Bipartisan congressional leadership has named China, Russia, Iran, and North Korea as US adversaries and, in the 2026 National Defense Authorization Act (NDAA), given the administration the resources to combat their objective of dismantling American global influence. The law prohibits significant reductions in US troops in Europe or on the Korean peninsula, or ending the requirement that an American hold the position of Supreme Allied Commander Europe, without thorough congressional assessment and certification to confirm that any such action is in US interest. The consensus on Capitol Hill, as expressed through the carefully negotiated NDAA, does not see threats as confined to the Western Hemisphere. Nor does it see individual regions at war. Instead, it refuses to cede American leadership, urging its modernization with European and Indo-Pacific allies, all while strengthening Western Hemisphere and homeland security.

In contrast, the NDS sees the belief that the United States should always be solving international problems as a danger. The document instead seeks an Indo-Pacific balance of power to yield a “decent peace and, in Europe, NATO allies’ assuming primary responsibility for their own defense, with critical but limited US support.

Despite approaching national defense policy with different philosophies, the NDS and the NDAA identify some of the same threats and craft aligned policy solutions on many fronts. Both see a diminishing US defense industrial base and insufficient modernization as threats to American security. They call for reindustrialization.

Though the prioritization levels differ, many of the NDAA’s policies for the Western Hemisphere and US homeland security are consistent with the NDS’s vision of recognizing border security as national security and providing resources for it—and for deterrence in the Indo-Pacific.

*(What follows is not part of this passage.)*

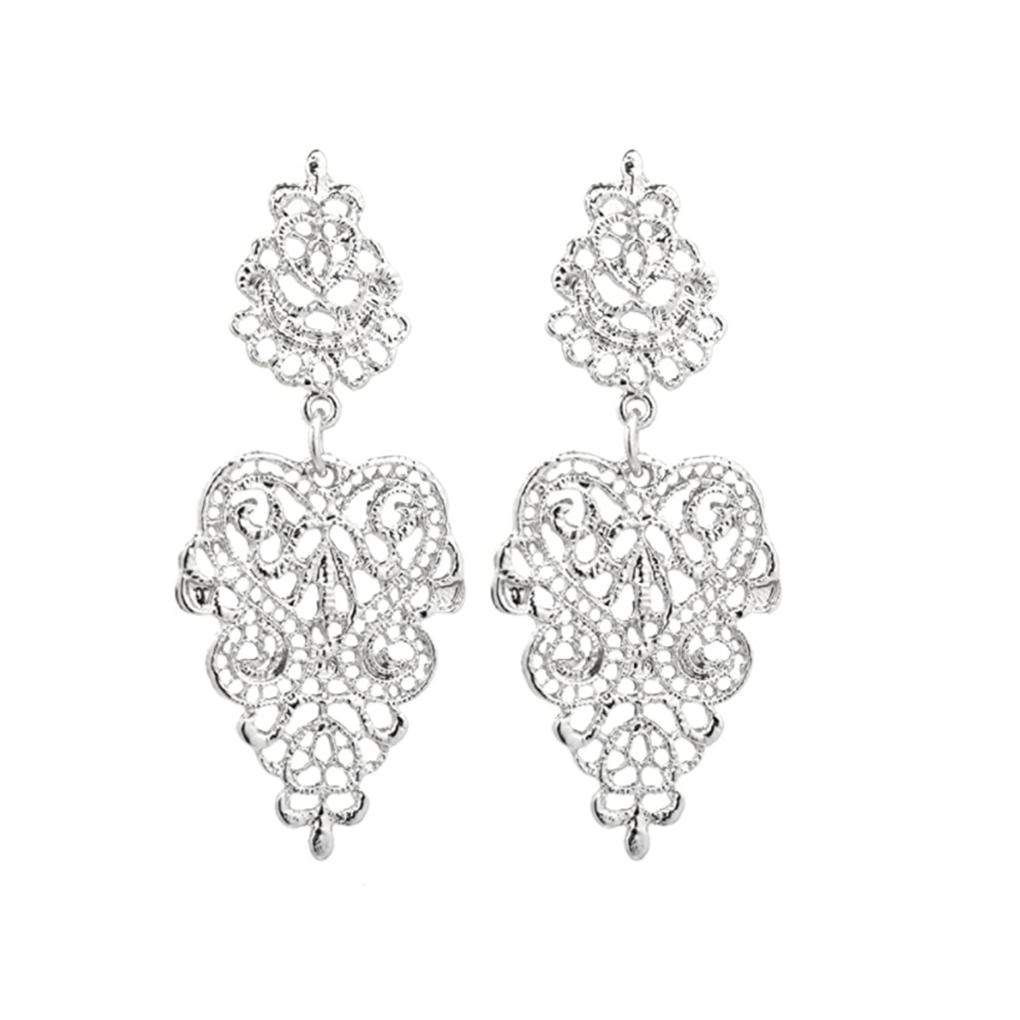 

Богемные серьги Женские сплав Полый дизайн Висячие серьги Свадебная вечеринка Девушки Ушные украшения серебряный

Both documents also reject isolationism. The NDS’s proposal for allies to be security partners rather than dependents is close to congressional views, though the shifts in responsibilities and US resources are a jolt for the transatlantic alliance.

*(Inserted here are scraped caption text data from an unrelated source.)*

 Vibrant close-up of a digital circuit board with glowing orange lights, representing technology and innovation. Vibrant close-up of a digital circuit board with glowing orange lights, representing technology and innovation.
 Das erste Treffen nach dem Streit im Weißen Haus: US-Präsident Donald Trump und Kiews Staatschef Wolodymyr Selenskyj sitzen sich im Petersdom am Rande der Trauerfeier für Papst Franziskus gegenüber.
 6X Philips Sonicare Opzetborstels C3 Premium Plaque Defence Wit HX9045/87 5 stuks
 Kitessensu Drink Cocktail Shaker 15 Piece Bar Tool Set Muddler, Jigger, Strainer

With overlapping national defense to-do lists in the legislative and executive branches, there are plenty of opportunities for collaboration. But the distinct philosophies between the branches about the factors behind US security and power, and the additive value of military alliances, remain a challenge to political unity.

 

The views expressed herein are those solely of the author(s). GMF as an institution does not take positions.